Task data:
====

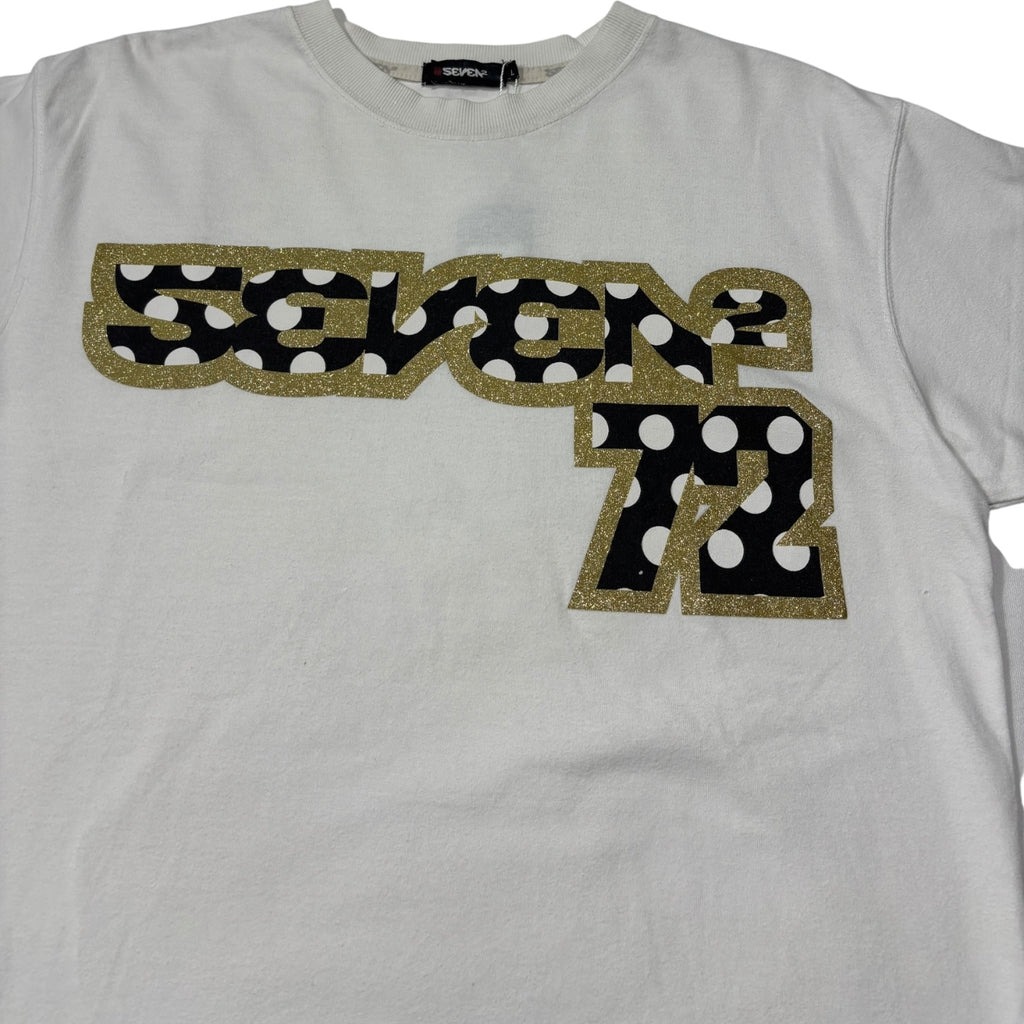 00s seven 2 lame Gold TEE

====

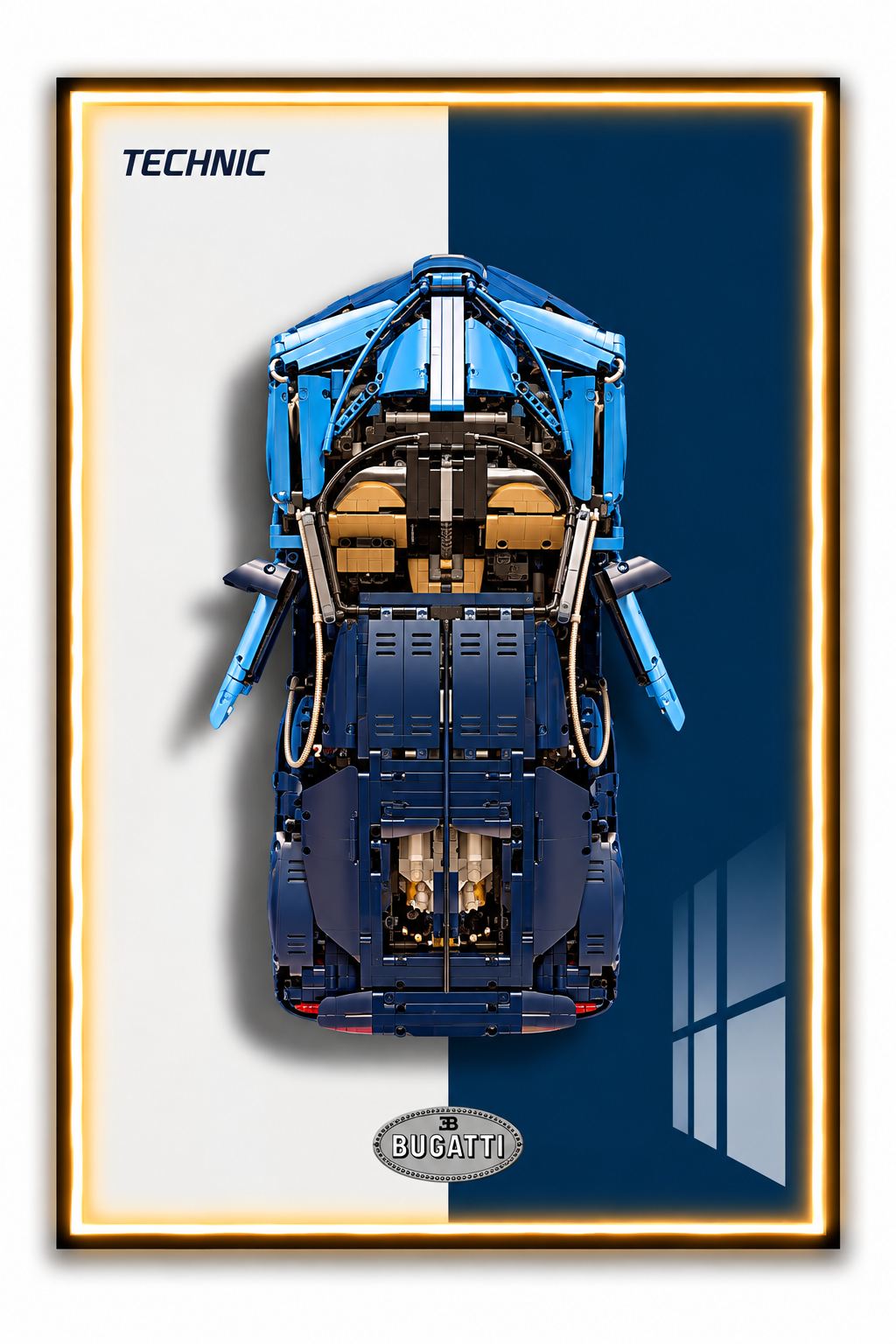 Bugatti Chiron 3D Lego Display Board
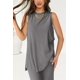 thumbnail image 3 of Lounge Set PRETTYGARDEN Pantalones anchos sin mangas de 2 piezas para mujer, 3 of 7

====

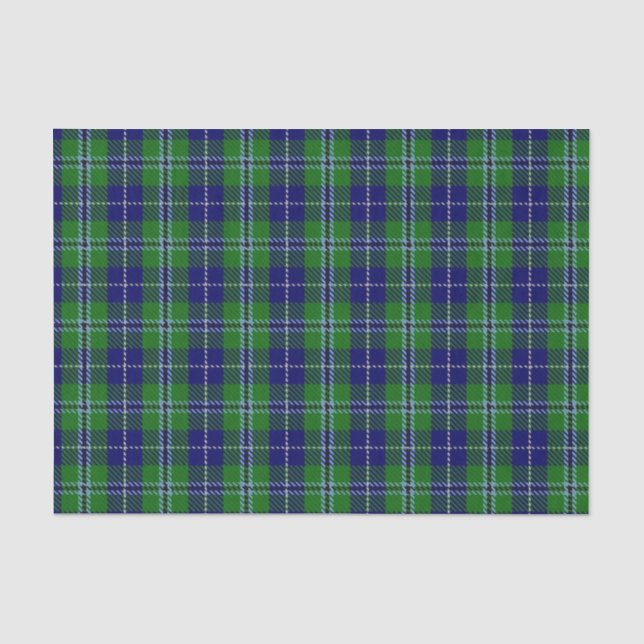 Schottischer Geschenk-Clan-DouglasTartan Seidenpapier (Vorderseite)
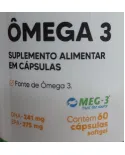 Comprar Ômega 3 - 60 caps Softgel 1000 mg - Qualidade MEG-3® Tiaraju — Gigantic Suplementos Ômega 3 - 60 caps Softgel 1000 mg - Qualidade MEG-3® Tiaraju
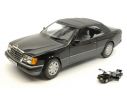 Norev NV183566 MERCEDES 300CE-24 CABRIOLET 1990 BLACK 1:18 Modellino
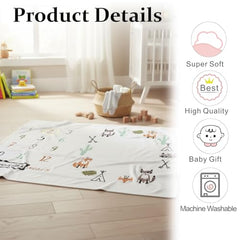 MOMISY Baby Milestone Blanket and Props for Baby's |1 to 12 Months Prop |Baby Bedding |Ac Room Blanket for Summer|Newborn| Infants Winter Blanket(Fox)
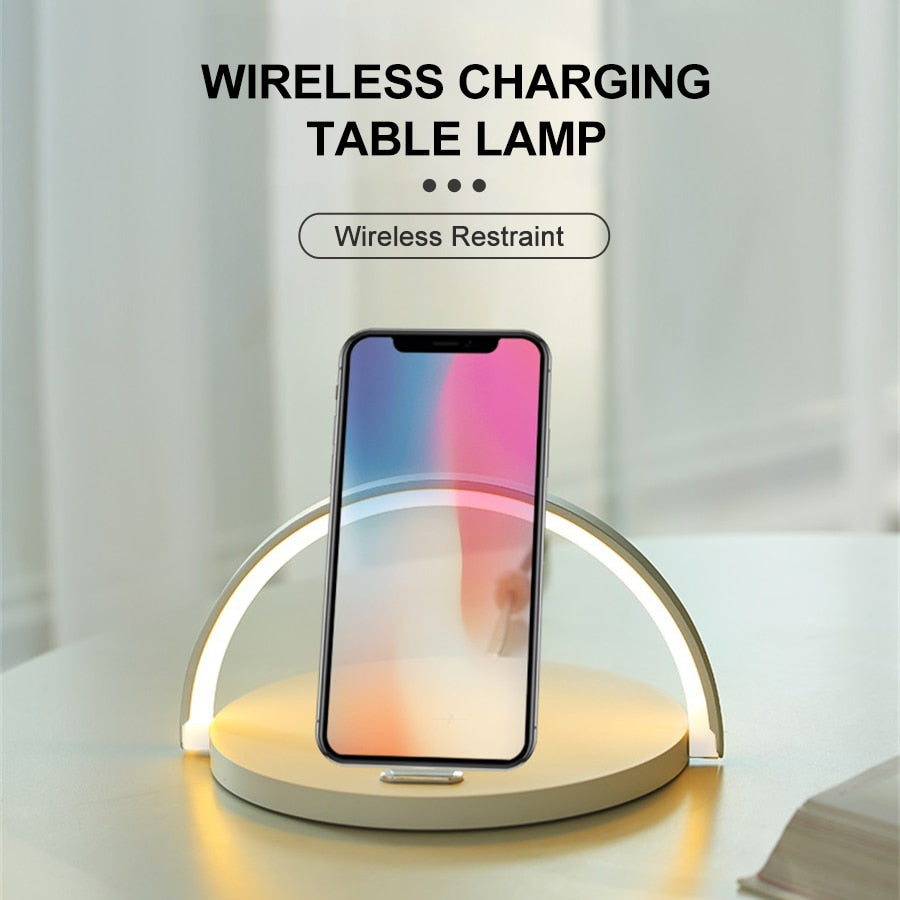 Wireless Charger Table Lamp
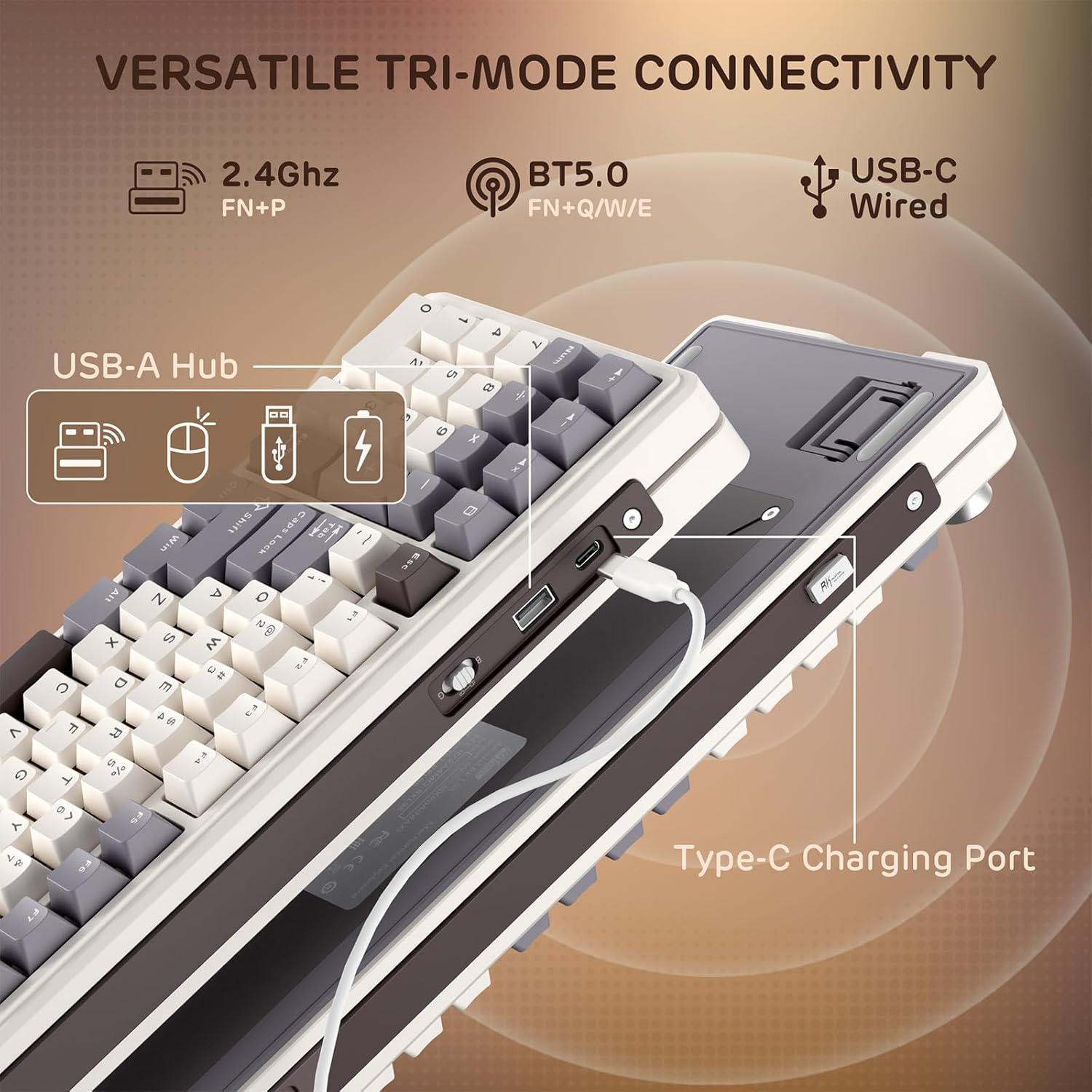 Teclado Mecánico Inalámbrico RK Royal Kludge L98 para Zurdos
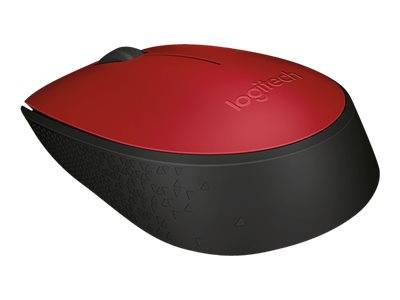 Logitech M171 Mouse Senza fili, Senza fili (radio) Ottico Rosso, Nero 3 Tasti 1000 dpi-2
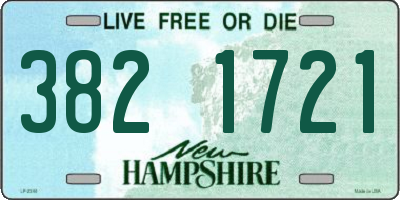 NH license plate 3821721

====

What needs to be done: In the records above, find the line with "Schottischer Geschenk-Clan-DouglasTartan Seidenpapier". Print exactly from there through the line with "Norev NV183566 MERCEDES", minus the pictures.

Solved exercise:
 Schottischer Geschenk-Clan-DouglasTartan Seidenpapier (Vorderseite)
 Comprar Ômega 3 - 60 caps Softgel 1000 mg - Qualidade MEG-3® Tiaraju — Gigantic Suplementos Ômega 3 - 60 caps Softgel 1000 mg - Qualidade MEG-3® Tiaraju
 Norev NV183566 MERCEDES 300CE-24 CABRIOLET 1990 BLACK 1:18 Modellino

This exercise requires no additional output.